Aim of the exercise - Your response should consist of the entire listing, transcribed exactly, with every image left out.
--- START ---
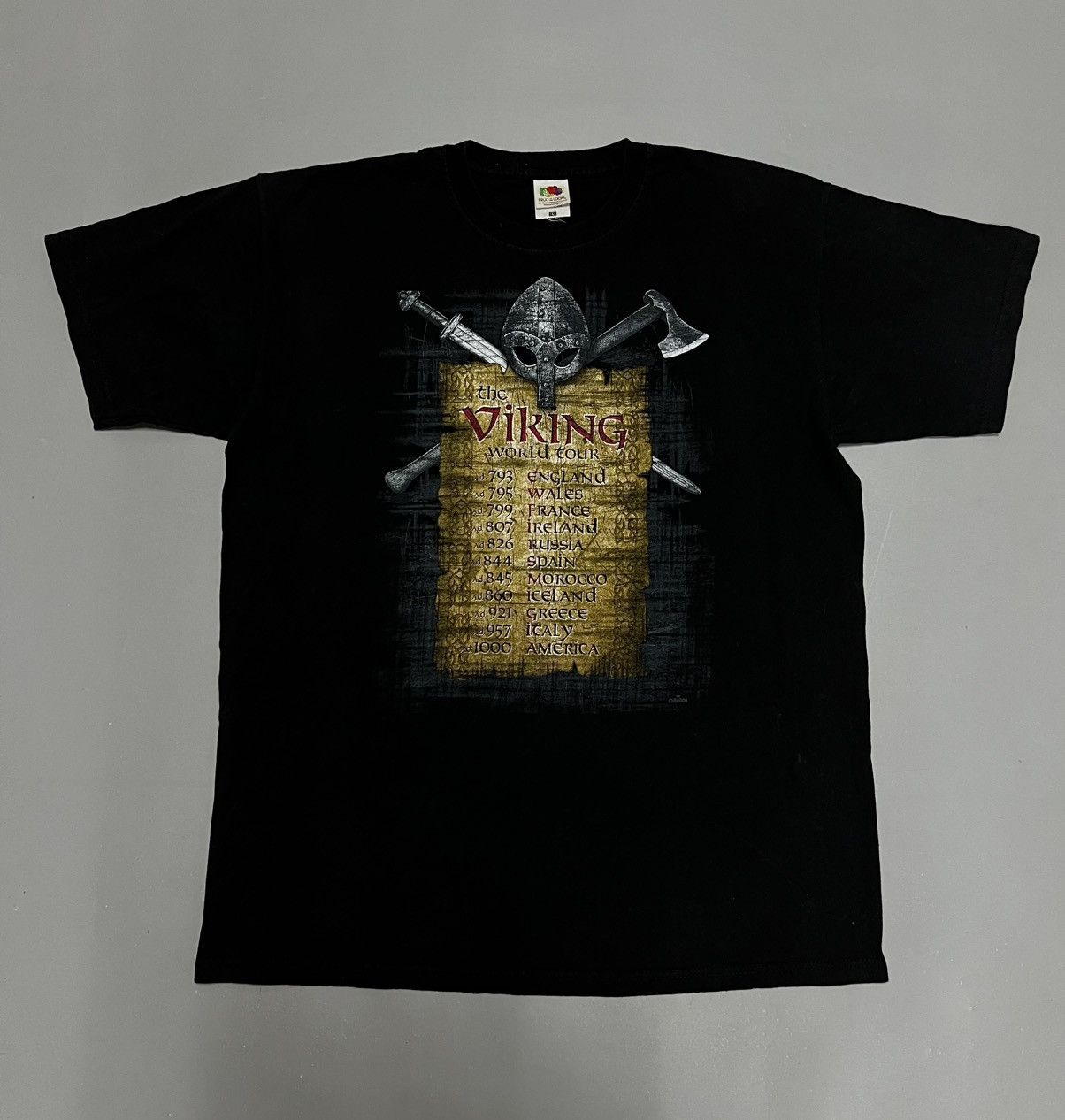 Band Tees × Fruit Of The Loom The Viking World Tour T Shirt Fruit of the Loom Size US L / EU 52-54 / 3 - 1 Thumbnail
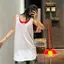 JRP 2025 Mùa Hè Mới Màu Tương Phản Áo Thun Không Tay Nữ Giả Hai Mảnh Rời Lớp Vest Suspender Top JRP
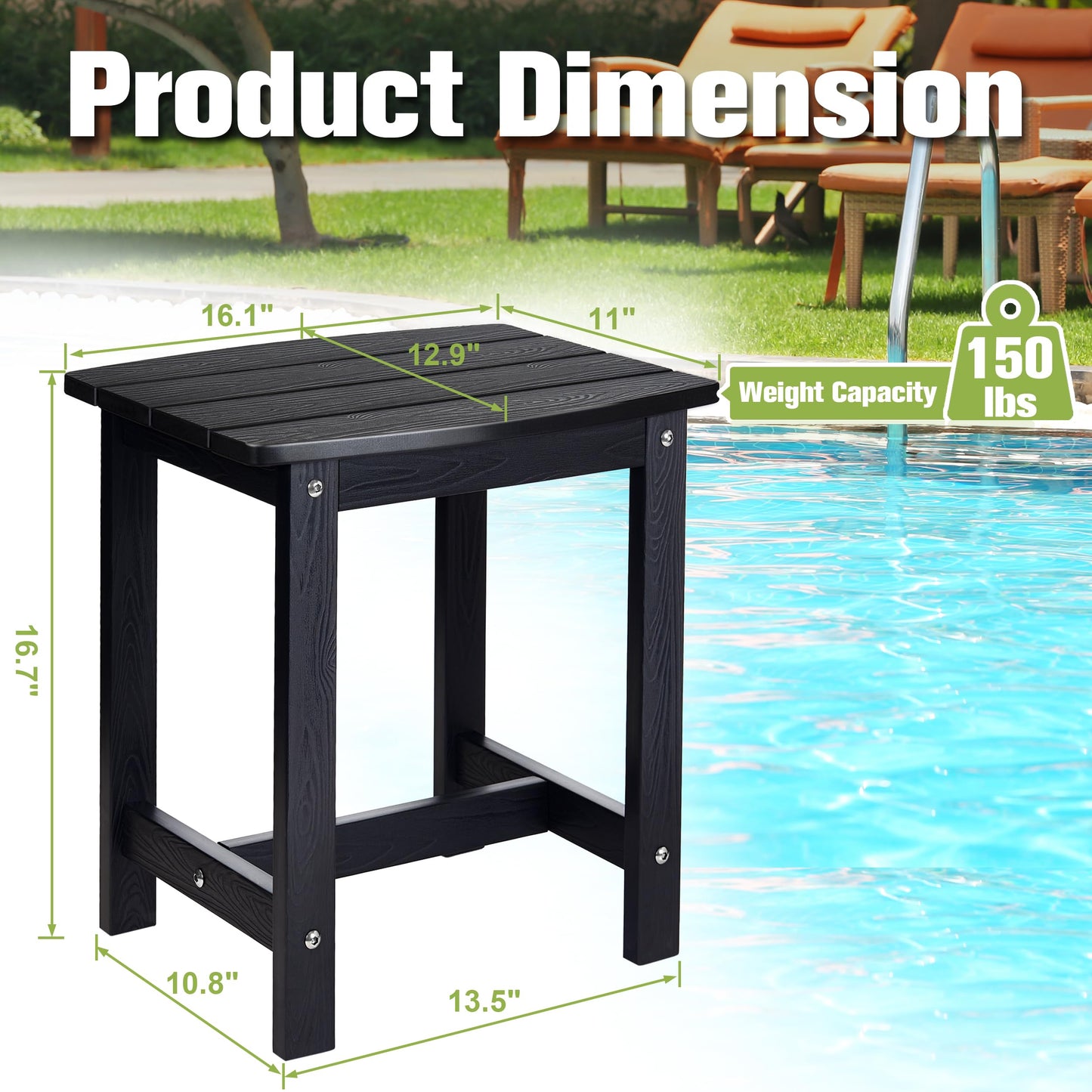 Y&M Adirondack Outdoor Side Table, HIPS Patio End Table, Waterproof Outside Table, Balcony Modern End Tables 23.5" inch Long for Garden, Pool, Beach, Porch, Deck, Indoor or Outdoor Use, Navy Blue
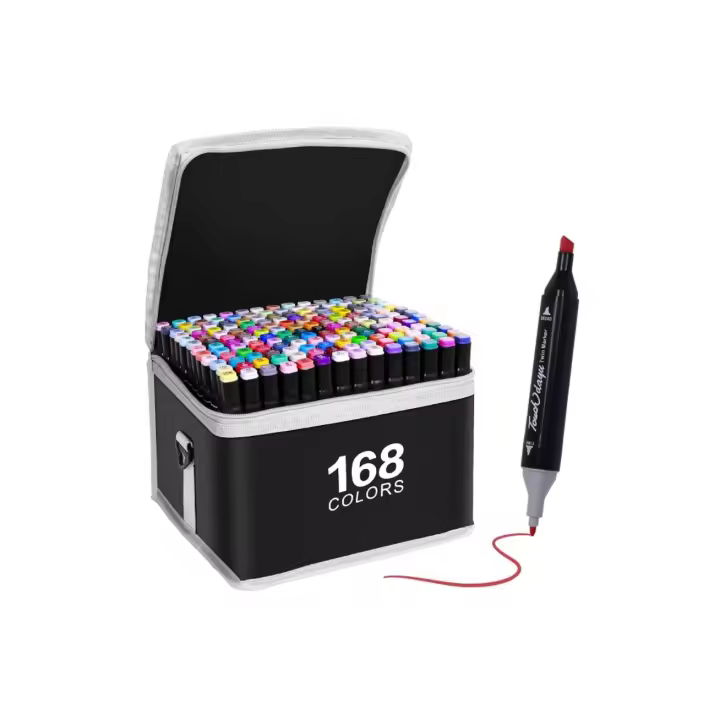 Set de 168 Rotuladores de Doble Punta para Dibujo, Ilustración y Diseño con Estuche Portátil - 1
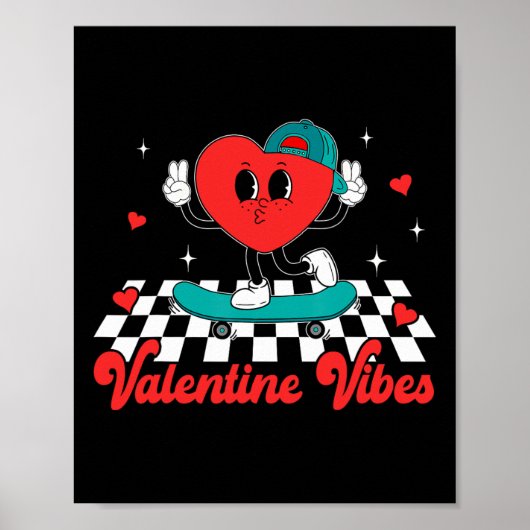 Groovy Valentijns Vibes Cute Hart Voor Jongens Kop Poster (Voorkant)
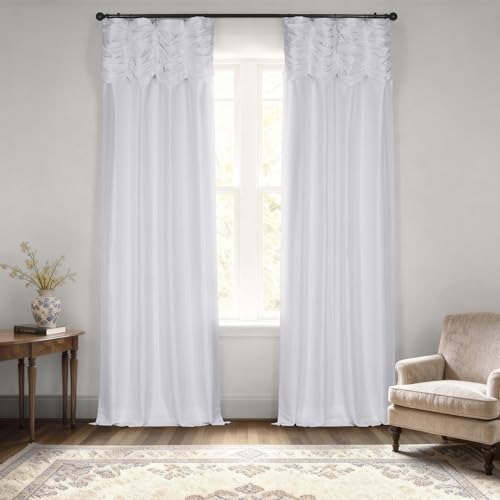 HPD Half Price Drapes Ruched Faux Dupioni Silk Curtains for Living Room 50 X 108 (1 Panel), PDCH-KBS1-108-RU, Ice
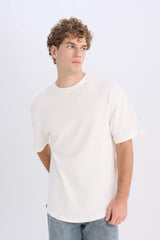 Boxy Fit Crew Neck Short Sleeve Basic Waffle T-Shirt
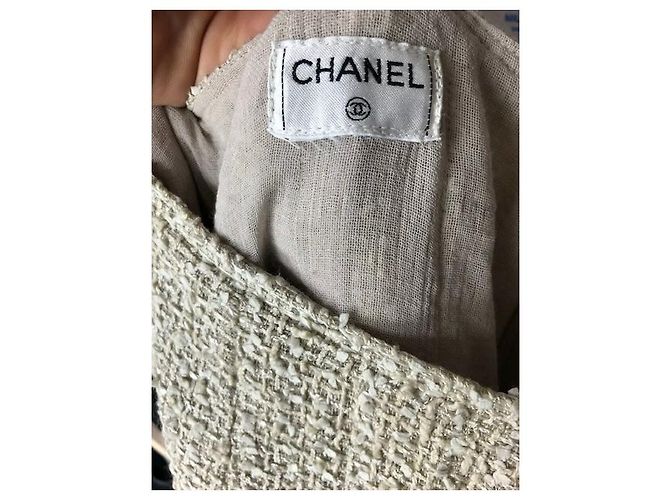 Giacca Chanel Beige e Verde in Cotone - vista 7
--- END ---
Solution to the exercise -
 Band Tees × Fruit Of The Loom The Viking World Tour T Shirt Fruit of the Loom Size US L / EU 52-54 / 3 - 1 Thumbnail
 JRP 2025 Mùa Hè Mới Màu Tương Phản Áo Thun Không Tay Nữ Giả Hai Mảnh Rời Lớp Vest Suspender Top JRP
 Y&M Adirondack Outdoor Side Table, HIPS Patio End Table, Waterproof Outside Table, Balcony Modern End Tables 23.5" inch Long for Garden, Pool, Beach, Porch, Deck, Indoor or Outdoor Use, Navy Blue
 Set de 168 Rotuladores de Doble Punta para Dibujo, Ilustración y Diseño con Estuche Portátil - 1
 Groovy Valentijns Vibes Cute Hart Voor Jongens Kop Poster (Voorkant)
 HPD Half Price Drapes Ruched Faux Dupioni Silk Curtains for Living Room 50 X 108 (1 Panel), PDCH-KBS1-108-RU, Ice
 Boxy Fit Crew Neck Short Sleeve Basic Waffle T-Shirt
 Giacca Chanel Beige e Verde in Cotone - vista 7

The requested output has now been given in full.